The country sits at an important geostrategic location that connects the Middle East with Central Asia and the Indian subcontinent, which has been home to various peoples through the ages. The land has witnessed many military conquests since antiquity. It also served as a source from which local dynasties such as the Greco-Bactrians, Kushans, Saffarids, Ghaznavids, Ghorids, Timurids, Mughals and many others have established empires of their own.
The political history of modern Afghanistan begins in the 18th century with the rise of the Pashtuns, when the Hotaki dynasty rose to power at Kandahar in 1709 followed by Ahmad Shah Durrani’s conquest in 1747. In the late 19th century, Afghanistan became a buffer state in the “Great Game” between the British and Russian empires.

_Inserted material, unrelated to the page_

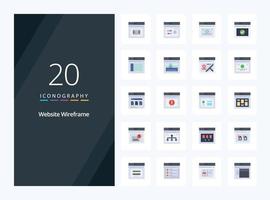 ícone de cor plana de wireframe de 20 sites para apresentação vetor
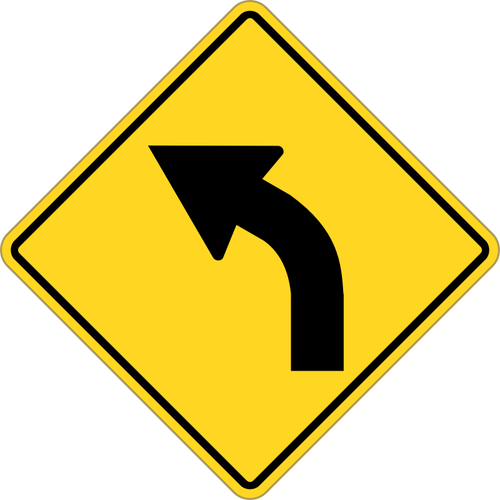 פנייה שמאלה תנועה roadsign בתמונה וקטורית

On August 19, 1919, following the third Anglo-Afghan war and the signing of the Treaty of Rawalpindi, the nation regained control over its foreign policy from the British.
Since the late 1970s, Afghanistan has experienced a continuous state of war, including major occupations in the forms of the 1979 Soviet invasion, a Pakistani military intervention in support of the Taliban in the late 1990s and the October 2001 US-led invasion that overthrew the Taliban government. In December 2001, the United Nations Security Council authorized the creation of an International Security Assistance Force (ISAF) to help maintain security and assist the Karzai administration.